Ma maman, cette guerrière…

Ayman, 16 ans, est un lycéen. Ce jeune adolescent nous raconte combien il adore sa mère et, sans filtre, ce qu’il pense de son père et pourquoi. Voici son récit.  

«Puisque le 8 mars c’est la femme qui est à l’honneur, j’ai envie de vous parler de cette admirable guerrière qu’est ma maman.  Non pas qu’elle ressemble à monsieur muscle, ou à Rambo. Vraiment pas. C’est juste que je la vois se démener plus qu’une forcenée pour nous faciliter l’existence, pour que tout soit réglo à la maison, pour son job, ses problèmes personnels, se coucher tard et se lever avant tout le monde et ce, sans jamais pleurnicher ou s’avouer vaincue les 365 jours de chaque année. La comparaison entre elle, et celui qu’on me demande d’appeler papa, est si perturbante. En tous les cas, lui notre Don Juan de camelote, il vaut mieux pour lui qu’il reste loin de nous le plus longtemps possible, si ce n’est pour toujours. A cause de lui, de ce divorce, de son comportement, j’en ai beaucoup bavé! Oh lala, faut toujours que j’en parle de celui-là. Je le dégage vite parce qu’il n’est pas question de lui (ou un peu quand même pour en avoir une idée) mais de ce petit bout de femme, une magnifique battante qui nous élève seule, je l’admire, je l’aime et j’en suis tellement fier. Hip Hip Hip Hourra Mom!  

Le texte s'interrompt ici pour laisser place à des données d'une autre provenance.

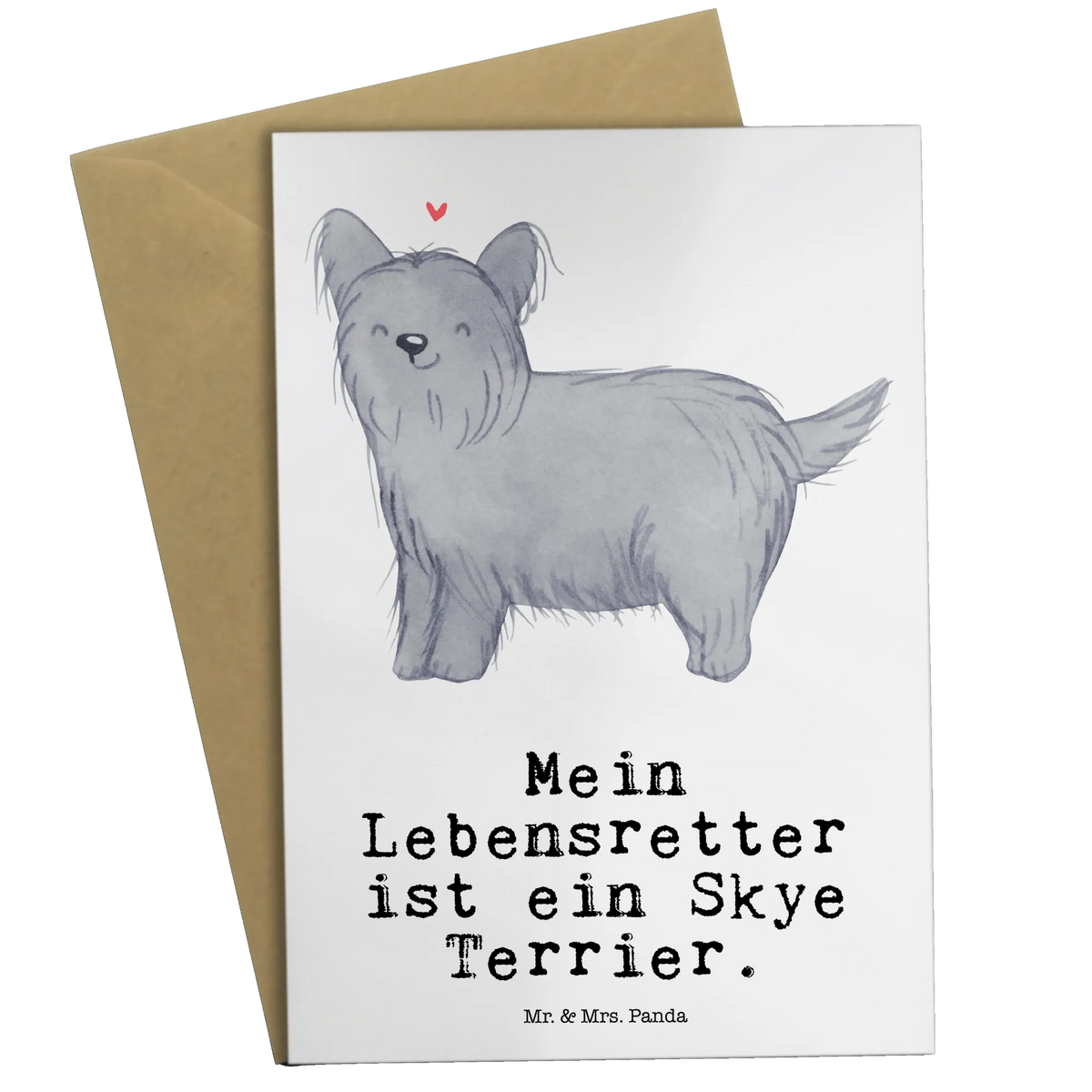 Grußkarte Skye Terrier Lebensretter Beileidskarte, hochzeitskarten, osterkarte, osterkarten, Motivkarte, einladungskarten, neujahrskarte, valentinstagskarte, Grußkarte, spruchkarte, vatertagskarte, babykarte, genesungskarte, jubiläumskarte, kommunionskarte, abiturkarte, Grußkarten, Klappkarte, Glückwunschkarte, firmungskarte, dankeskarten, weihnachtskarten, glückwunschkarten, Geschenk, Schenken, Hund, Hunderasse, Rassehund, Hundebesitzer, Tierfreund, Welpe, Terrier, Skye Terrier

A chaque fois que le trop plein de rage avait gonflé ma poitrine, il n’y avait qu’une seule manière pour moi de l’évacuer, c’était de pleurer. Evidemment, jamais je n’aurais offert ce cadeau à ceux qui me poussaient tellement de fois à bout. Je parle de mes camarades de classe que je connaissais depuis la petite enfance. Eux, leur arme c’était de malheureusement d’en savoir beaucoup trop sur moi et ma famille. J’espère qu’un jour, nous nous en irons de cette satanée ville où tout le monde se connait et que la distance fasse son travail. Pour l’instant, je sais que ce n’est pas envisageable et ce, pour beaucoup de raisons mais rien n’est impossible. J’aiderai ma mère bientôt, maintenant je vais passer ma première année du Bac, mais c’est une promesse. Je lui fais quand même confiance, tel le phénix, elle va bientôt renaitre de ses cendres.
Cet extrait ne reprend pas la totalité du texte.